One of the roles of EPA is to support the normal heart function of the mother.
DHA is the component which is required for the normal, healthy development of the brain and the eyes. While a baby grows in the womb, the brain develops faster than it ever will again. The highest concentrations of DHA are located in the metabolically active areas of the brain such as the cerebral cortex, mitochondria and synapses. So it only stands to reason that DHA is also known as the fatty acid of the brain.
That’s why pregnant women should receive at least 200 mg per day of DHA.
Iron – Twice as much required during pregnancy!
Iron is a vital trace element which must be received every day in the food we eat. It contributes to the normal formation of red blood cells and haemoglobin.

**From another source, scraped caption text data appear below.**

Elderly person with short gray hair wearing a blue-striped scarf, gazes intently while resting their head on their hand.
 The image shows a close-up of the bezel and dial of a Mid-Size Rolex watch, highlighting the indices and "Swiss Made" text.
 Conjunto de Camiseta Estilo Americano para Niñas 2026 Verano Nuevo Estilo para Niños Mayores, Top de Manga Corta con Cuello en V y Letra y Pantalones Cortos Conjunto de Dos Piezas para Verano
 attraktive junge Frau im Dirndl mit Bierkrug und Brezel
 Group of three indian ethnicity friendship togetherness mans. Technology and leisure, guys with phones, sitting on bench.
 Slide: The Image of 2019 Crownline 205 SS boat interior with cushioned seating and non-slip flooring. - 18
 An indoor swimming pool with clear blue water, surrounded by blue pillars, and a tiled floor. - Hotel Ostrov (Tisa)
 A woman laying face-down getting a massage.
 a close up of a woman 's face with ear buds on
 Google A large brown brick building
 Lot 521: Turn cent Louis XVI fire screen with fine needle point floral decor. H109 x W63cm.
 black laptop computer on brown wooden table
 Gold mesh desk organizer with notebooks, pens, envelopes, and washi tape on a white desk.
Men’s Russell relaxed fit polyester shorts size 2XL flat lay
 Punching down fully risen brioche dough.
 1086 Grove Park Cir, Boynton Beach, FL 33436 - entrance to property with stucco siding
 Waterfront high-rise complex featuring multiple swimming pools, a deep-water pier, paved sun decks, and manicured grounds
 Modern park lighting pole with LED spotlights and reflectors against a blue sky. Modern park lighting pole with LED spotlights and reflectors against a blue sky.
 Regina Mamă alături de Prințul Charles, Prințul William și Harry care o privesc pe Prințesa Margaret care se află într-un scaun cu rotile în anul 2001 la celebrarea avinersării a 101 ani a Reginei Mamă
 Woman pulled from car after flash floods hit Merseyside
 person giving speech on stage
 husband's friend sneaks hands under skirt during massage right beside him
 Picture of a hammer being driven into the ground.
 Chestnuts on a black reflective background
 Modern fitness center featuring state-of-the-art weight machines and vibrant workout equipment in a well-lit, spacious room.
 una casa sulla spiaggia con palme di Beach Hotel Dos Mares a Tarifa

Due to their monthly period, women need 15 mg more iron per day than men do.
During pregnancy, iron plays another indispensable role because blood must also flow to the growing uterus.
A woman who weighs 60 kg has about 5 litres of blood in her blood vessels – during pregnancy that volume of blood increases to about 6 to 6.5 litres. In order to produce this additional amount, the body now needs between 20 and 30 mg of iron.
An adequate supply of iron to the mother is also important during lactation, because with a 100% nursing mother, the baby receives all of its iron via the breast milk only. Breastfeeding mothers should receive about 20 mg of iron daily.